Generally, the existing SOH estimation methods can be divided into two categories, as shown in Figure 1 [6]: the direct measurement methods, like the capacity measurement method, internal resistance measurement test, and impedance measurement method, are suitable for laboratory condition but not practical in actual operations. Indirect analytical methods mainly include model-based, data-driven, and hybrid methods. According to the modeling mechanism, the model-based method can be divided into equivalent circuit model (ECM)-based method and electrochemical model (EM)-based method. The ECM employs lumped components, such as resistors, capacitors, and voltage sources, to describe the battery’s dynamic behavior [7]. It is one of the most promising approaches for online battery parameter identification and state estimation, owing to its ease of implementation and acceptable accuracy for EV applications. Based on the principle of ECM, a state equation and an observe equation are established. Then, filter-based methods, such as extended Kalman filter (EKF) [8] and unscented Kalam filter (UKF) [9], are used for online SOH prediction. The EM aims to describe the thermodynamics, Li-ion diffusion process, SEI film thickness, and side reaction kinetics inside the battery to realize the most accurate battery modeling and state estimation theoretically. However, with many parameters to be identified and partial differential equations, the onboard application of the EM-based SOH estimation remains a significant challenge. The trade-off between model complexity and accuracy still needs further research.

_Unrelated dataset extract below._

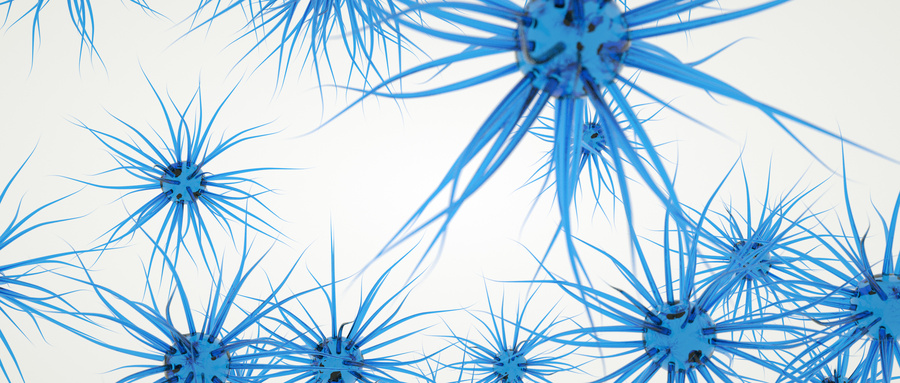 MSCs的生物学特性和机制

With the development of artificial intelligence, the machine learning (ML)-based data-driven method has gradually become the most popular method for SOH estimation [10]. The data-driven method can estimate battery states based on measured data. It does not require pre-knowledge about the battery aging mechanism or the battery models mentioned above, making it suitable and easily implementable for different LiBs. Typical procedures for developing data-driven SOH estimation methods are shown in Figure 2. In short, the first step is to conduct battery aging tests and collect raw data, such as voltage, current, and temperature. Since the raw data cannot provide sufficient information to reflect SOH, it cannot guarantee an accurate and robust SOH estimation either. The second step is hence to extract high-related health features (HFs) from the raw data using different techniques, such as model-based analysis, incremental curve analysis (ICA), and differential voltage analysis (DVA). In addition, correlation analysis is applied to analyze the correlation of the HFs. After that, the HFs and the reference SOH constitute the training dataset. Subsequently, different ML methods are used to learn and validate the nonlinear relationship between the input features and output based on the training dataset. Finally, the established ML algorithms can be used to estimate SOH for new data.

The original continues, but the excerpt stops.